Após as críticas do governador do Rio, Cláudio Castro (PL), à falta de apoio da União na operação, a Secom (Secretaria de Comunicação) da Presidência da República lançou uma campanha na internet na noite de quarta-feira (29) com referências à operação para defender que a PEC é o melhor caminho para enfrentar o crime organizado.

Para o governo Lula, o que aconteceu na capital carioca evidencia a necessidade de uma coordenação entre as forças policiais federais e dos estados no combate às facções. O maior protagonismo da União na área é uma das bandeiras do projeto, e também é o principal alvo de críticas dos governadores do sul e do sudeste à PEC.

O relator da proposta na comissão especial da Câmara que discute o tema, deputado Mendonça Filho (União-PE), disse que o projeto não teria mudado os resultados da operação no Rio, mas confirmou que pretende acelerar a sua tramitação e planeja apresentar seu parecer em menos de um mês.

A seguir, Aos Fatos explica os principais pontos sobre a proposta:

  1. O que é a PEC da Segurança Pública?
  2. Como está a tramitação da proposta?
  3. Por que o texto voltou à discussão com o conflito no Rio?
  4. Quais as críticas ao projeto?
  5. Quais outros projetos estão ganhando fôlego por causa da operação?

1. O que é a PEC da Segurança Pública?

É o nome dado à PEC 18/2025, apresentada pelo governo Lula e que está sendo discutida na Câmara dos Deputados. A proposta visa reformular a estrutura de segurança pública no país para garantir uma maior integração e coordenação entre os diferentes níveis federativos e órgãos de segurança.

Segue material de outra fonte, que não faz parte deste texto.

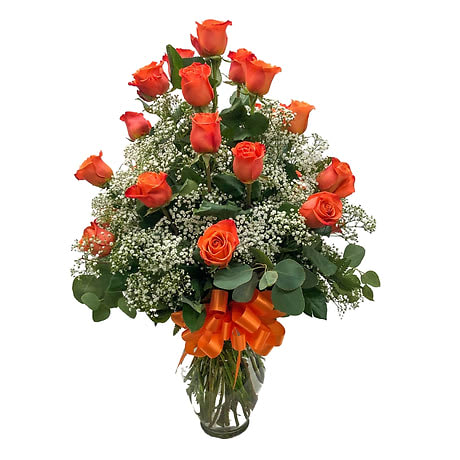 2 Doz Orange Roses Flower Bouquet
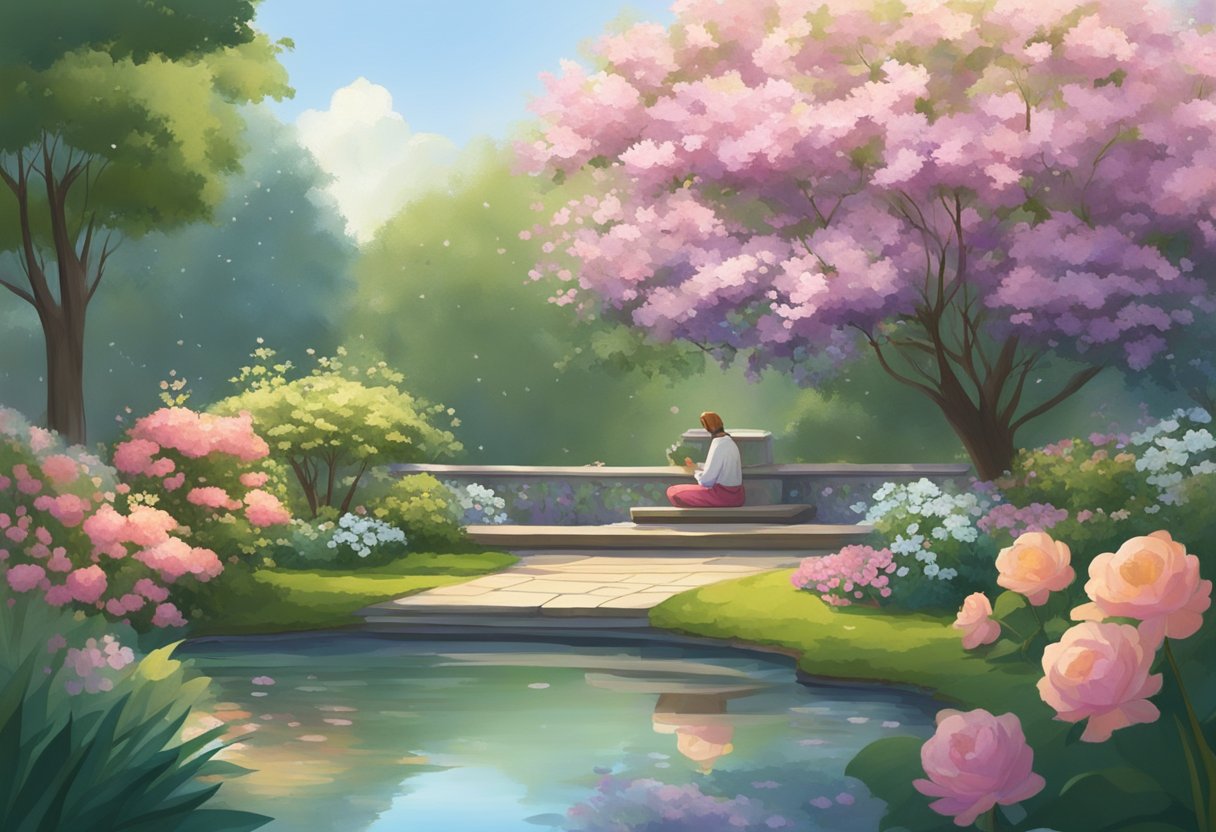 A serene garden with a tranquil pond, surrounded by blooming flowers and lush greenery. A figure kneels in prayer, surrounded by a sense of calm and serenity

Os principais pontos da proposta são:

  • A inclusão do SUSP (Sistema Único de Segurança Pública) na Constituição, garantindo integração entre os entes federativos;
  • A ampliação da competência da União para definir diretrizes nacionais, mantendo a autonomia de estados e municípios;
  • A PF (Polícia Federal) ganha poder para investigar crimes ambientais e delitos interestaduais ou internacionais cometidos por organizações criminosas, enquanto a PRF (Polícia Rodoviária Federal) passa a atuar também em ferrovias e hidrovias;
  • O reconhecimento das guardas municipais como parte do sistema de segurança, com atuação ostensiva e controle do Ministério Público;
  • A constitucionalização dos fundos de segurança e penitenciário, impedindo o contingenciamento dos recursos;
  • A unificação de dados e procedimentos, como boletins de ocorrência e mandados, para melhorar a cooperação entre entes federativos;
  • Criação do Conselho Nacional de Segurança Pública e Defesa Social, com representação de todos os níveis da federação;
  • O reforço do federalismo cooperativo, assegurando que estados e municípios mantenham suas atribuições na área de segurança.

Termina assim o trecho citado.